The alcoholic that Famine got was someone on the wagon. His victims were people who had been denying themselves something. He had been denying himself nothing that Famine could provide, which seemed to have the effect of tamping down on normal, and giving the Horseman nothing to work with.


Theresa - Apr 19, 2010 9:18:05 pm PDT #7732 of 30002
"What would it take to get your daughter to stop tweeting about this?"

Rewatching Home, my Missouri love is mighty. I so wish that she had more time with the boys.


Beverly - Apr 19, 2010 9:29:50 pm PDT #7733 of 30002
Days shrink and grow cold, sunlight through leaves is my song. Winter is long.

Still holding out a wish that God turns out to be Missouri. They'll never go that way, but it would be AWESOME.
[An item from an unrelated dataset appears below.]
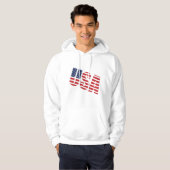 Herrenpatriotischer Hoodie (Vorne ganz)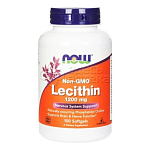 Now Lecithin Лецитин Тройная сила 1200мг, 100 капсул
Morgana - Apr 19, 2010 10:40:05 pm PDT #7734 of 30002
"I make mistakes, but I am on the side of Good," the Golux said, "by accident and happenchance.” – The 13 Clocks, James Thurber

Apologizing before I begin for the serial posts:

Re: Sam -- I had mentioned I was “upset with what they've done with his character (or rather, with what they haven't done with his character) as the show's progressed that I have no faith in their treatment of him any longer.”

Where is it you want them to go with his character, Morgana?

I don’t know how coherent I can be tonight, I know I’m going to miss a lot, but I’ll do my best. I can say there’s a meta on lj by she_rockstar that between the meta and comments covers a lot of this material. But I’ll attempt a few thoughts of my own:

In the Pilot Sam was introduced as a young man who had been determined enough to get away from his itinerant, oppressive family that he found his own way to get to college against their very vocal and unforgiving opposition. It showed remarkable intelligence (he earned a full scholarship to Stanford that he maintained for 4 years, and was about to go to an interview for Law school) and strength of will to continue in the face of disapproval from his only family and especially from Dean, his primary source of emotional support his entire life.

I think all of this is indicative of someone amazing - someone that I'd like to know. Yet the show has not once, ever, shown this as being anything positive. Since it's written from Dean's point of view Sam's time at Stanford is always referred to as selfish, or as one of the times he “ran away.” This is one of the few shows on TV (at least that I watch) where someone who is strong and independent and intelligent is regularly regarded as being wrong for following that path. If he had stayed 'home' in the family business, that obviously would have been the correct thing to do. He would have been miserable, but John and Dean would have been happy, so it would have been right. (Interestingly it wouldn't have been 'selfish' on their part to force Sam to stay, it was just 'selfish' on Sam's part to leave.)

Remember when Sam had psychic dreams that told them about people who needed who needed their help? Did that ability just go away? What about the telekinesis that saved Dean’s life? We’ve never seen it again. Sam was being developed as a psychic power but they apparently just dropped that storyline.

In season 4 in particular too many of his actions were offscreen leaving us to try to interpret what the hell was going on, trying to make sense of his behavior. It went on long enough that by the time the writers got around to explaining things he had become unsympathetic to a large portion of fandom.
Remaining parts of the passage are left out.